Not Quite Knocking on Heaven’s Door

by

Hugh Griffith

The headline on the CNN website read, "Woodpecker not extinct after all."  What woodpecker? The ivory-billed? No way, I thought. A click later and the answer, incredibly, was yes.

I felt my left eyebrow rise sharply, the one that indicates skepticism. That bird is long gone. Rediscovered in Arkansas? The self-proclaimed "Most trusted name in news" has got to be wrong.

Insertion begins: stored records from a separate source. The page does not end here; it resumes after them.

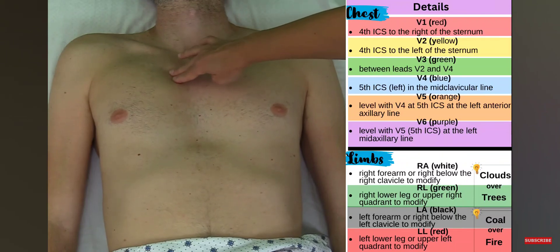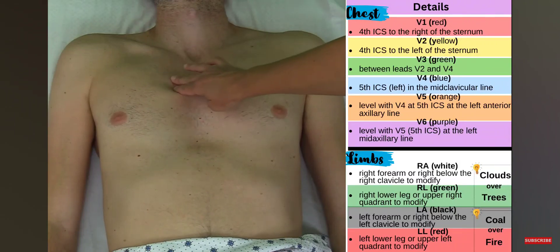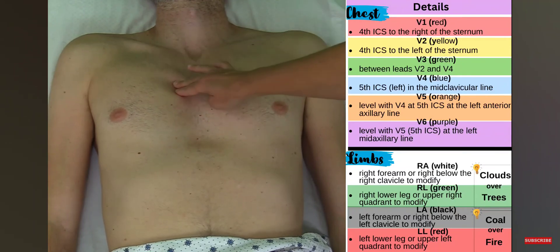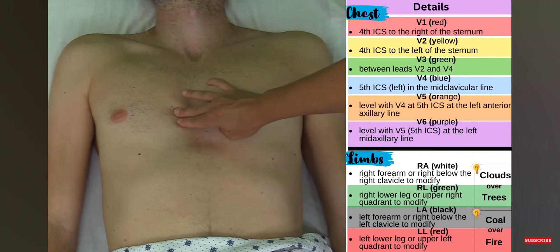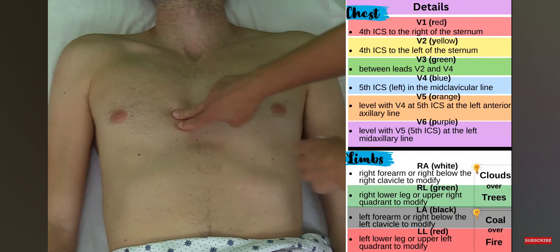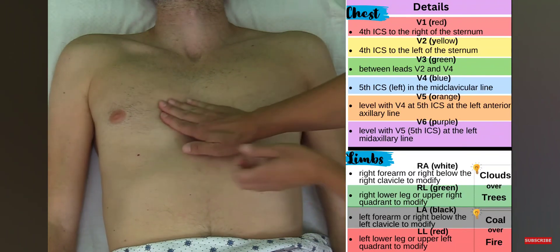Using the angle of Lewis, I go to the right and feel something hard — that's the second rib. I slide my hand down a little into a space where I don't feel anything hard, meaning I'm in the second intercostal space. Sliding a little more, I go over a bone and feel the third intercostal space, then just a bit more for the fourth intercostal space. This is just right of the sternum — not on the sternum — and this is where V1 goes.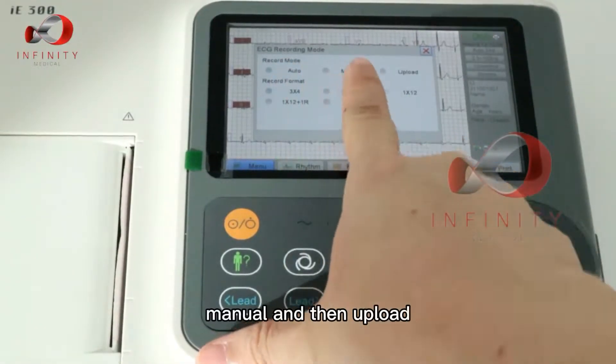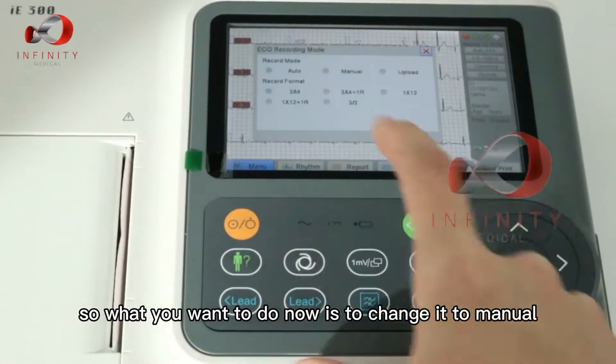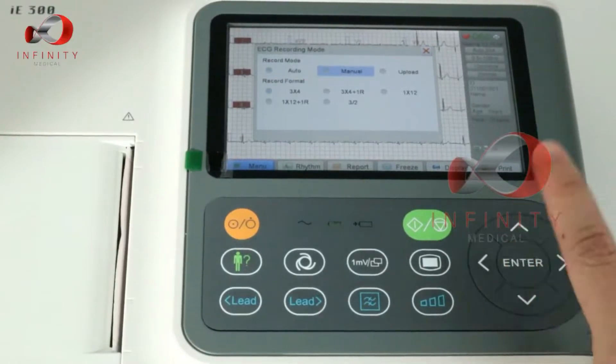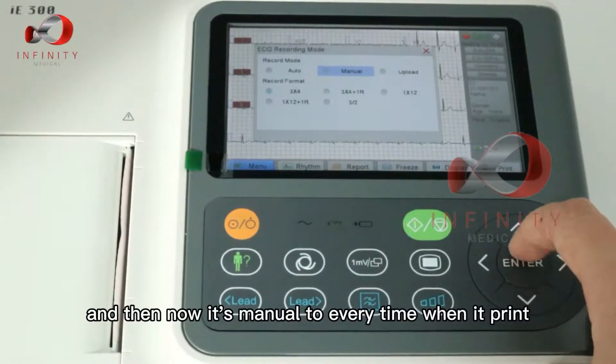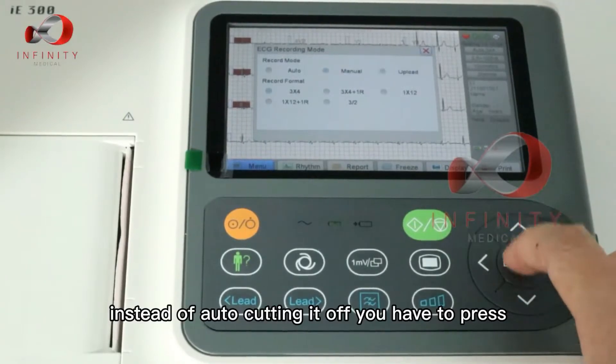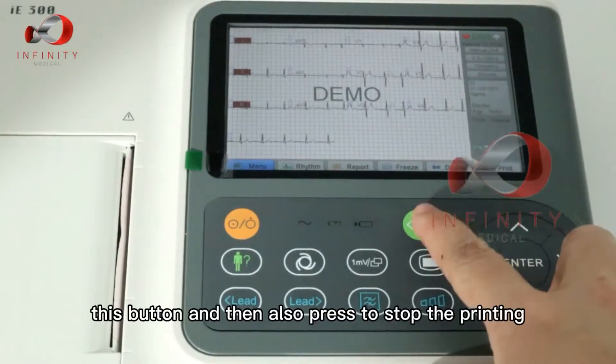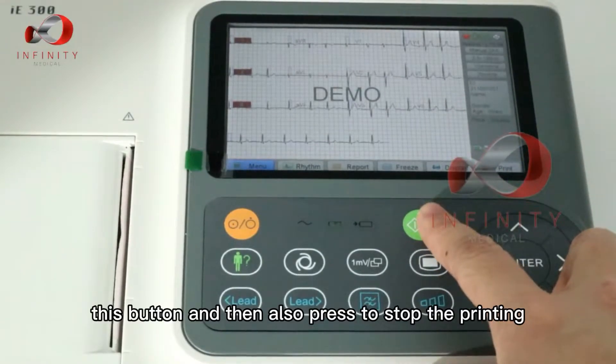You can see here there's auto, manual, and upload. To change to manual mode, press the button and select manual. Now it's in manual mode, so every time you print, instead of auto cutting it off, you have to press to start the printing and also press to stop the printing.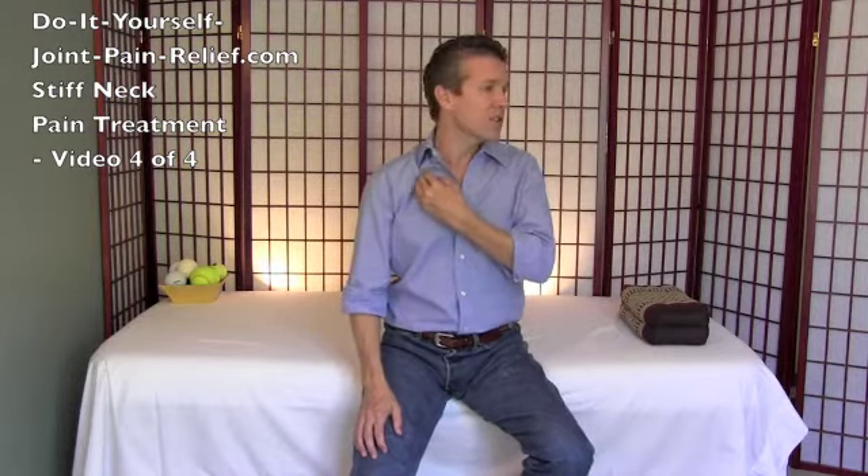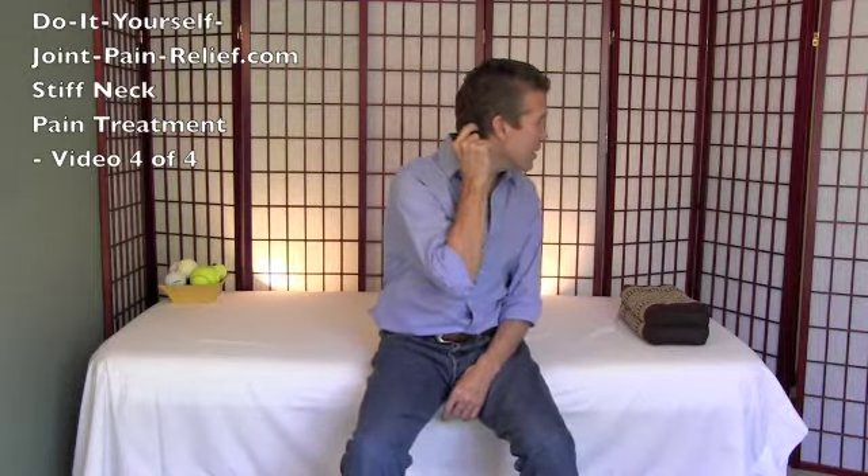In video 1 we released the muscle groups that yank your shoulder blades and inhibit your neck from turning. In video 2 we released a deep muscle between your ribcage and your shoulder blade that torques your shoulder blades and prevents you from turning your neck. In video 3 we released muscles under your clavicle that inhibit your ability to turn your neck when too tight. And in video 4 we are going to release a muscle deep in your jaw that tends to inhibit the first two vertebrae at the top of your neck.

As a child I collected information about extinct animals with the same enthusiasm that I collected hockey cards, and I created a pantheon of dead birds: Labrador duck, great auk, Carolina paraquet, and the most heart-breaking - the passenger pigeon, a bird once so common that its numbers in North America surpassed the human population on Earth. Lurking at the end of my list, with an asterisk of faint hope, was the ivory-billed woodpecker, a huge, spectacular bird with startling black, white and red plumage, and a bone-white bill.  It was also known as the Lord God Bird because of uncontrollable exhortations from those seeing it.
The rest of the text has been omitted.